Your assignment: From the data below, set down exactly the lines between the one holding "Nutrilite Salmon Omega" and the one holding "Gluten Free Tamari", inclusive, and no others.

***** Records supplied

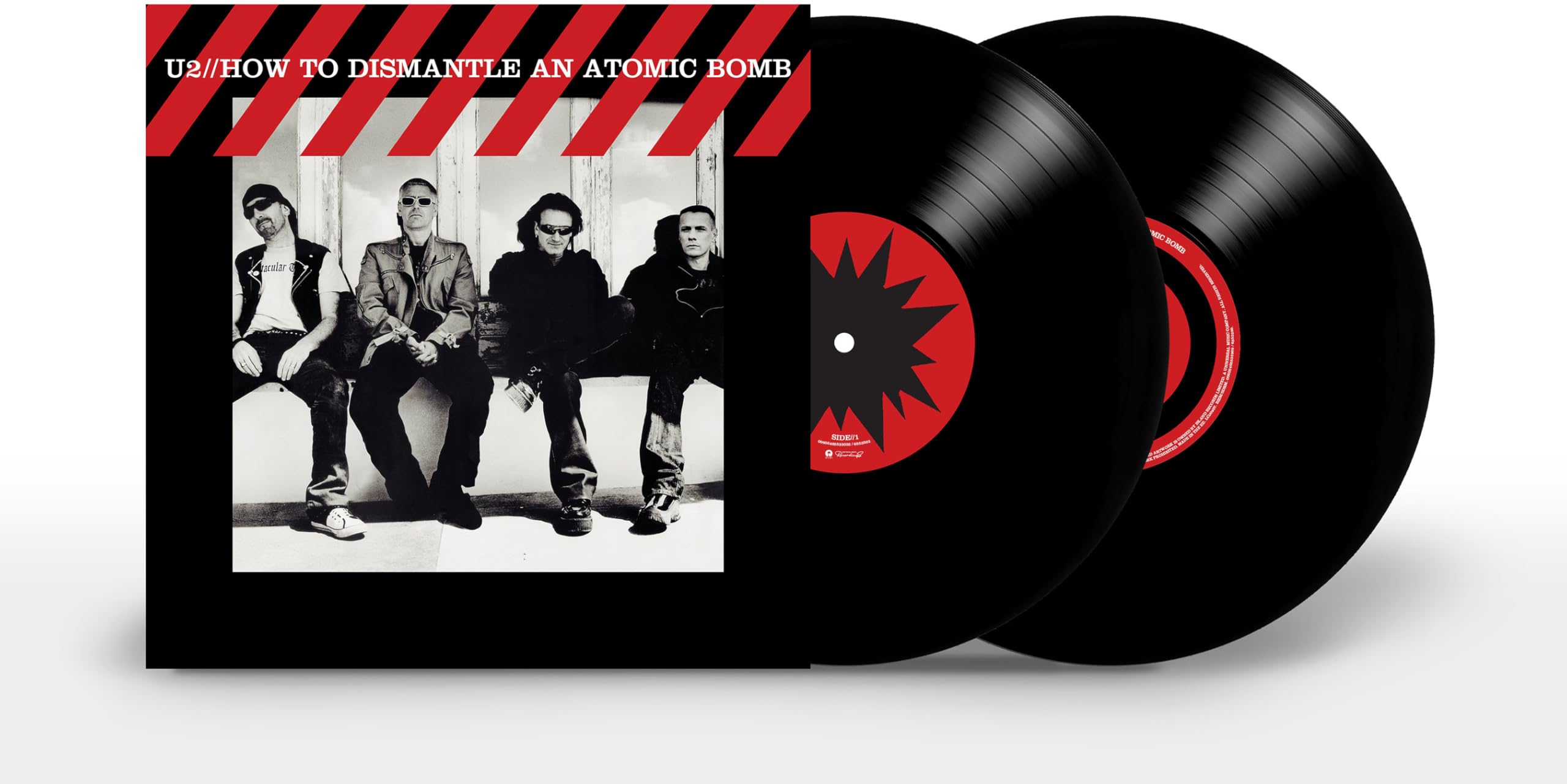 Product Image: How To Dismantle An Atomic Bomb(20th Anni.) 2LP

**********
***** Records supplied

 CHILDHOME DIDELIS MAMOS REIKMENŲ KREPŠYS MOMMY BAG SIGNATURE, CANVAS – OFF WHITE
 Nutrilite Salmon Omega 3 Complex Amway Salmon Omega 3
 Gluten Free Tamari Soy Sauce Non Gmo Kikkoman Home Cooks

**********
***** Records supplied

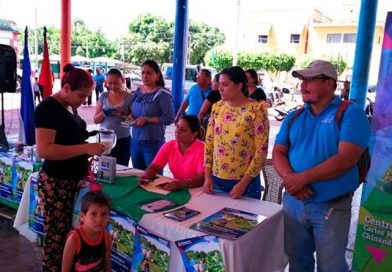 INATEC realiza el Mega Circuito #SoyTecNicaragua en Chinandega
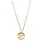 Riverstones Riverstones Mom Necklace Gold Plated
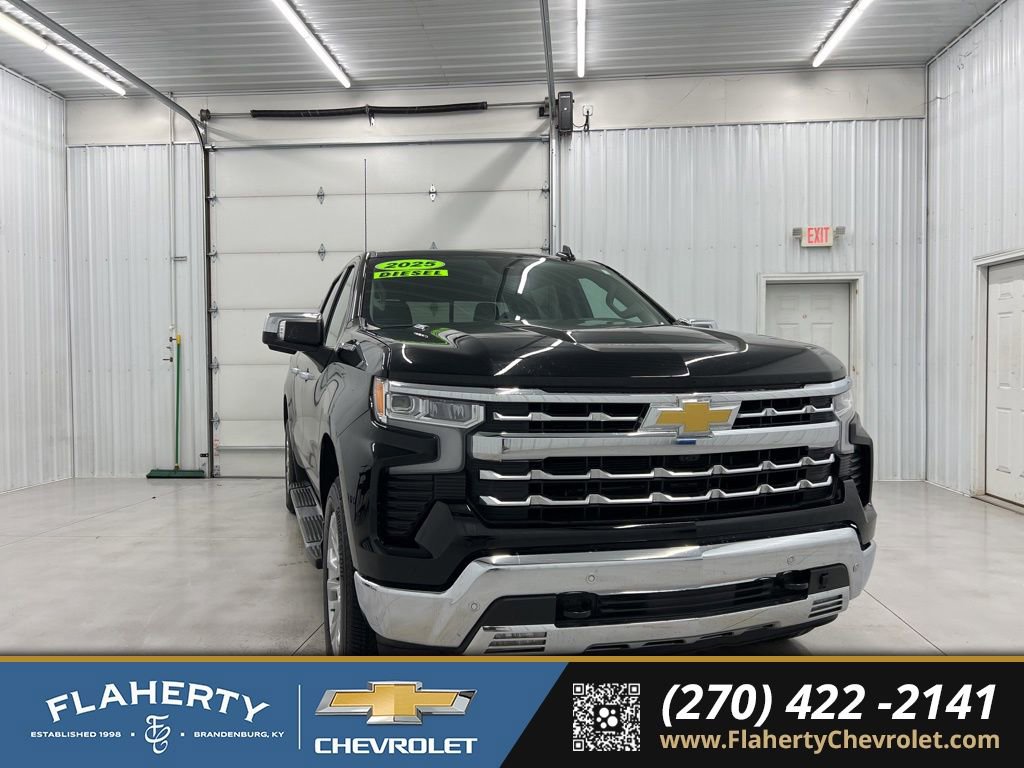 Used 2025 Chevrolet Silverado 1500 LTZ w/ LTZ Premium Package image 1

**********

Solution below:
 Nutrilite Salmon Omega 3 Complex Amway Salmon Omega 3
 Gluten Free Tamari Soy Sauce Non Gmo Kikkoman Home Cooks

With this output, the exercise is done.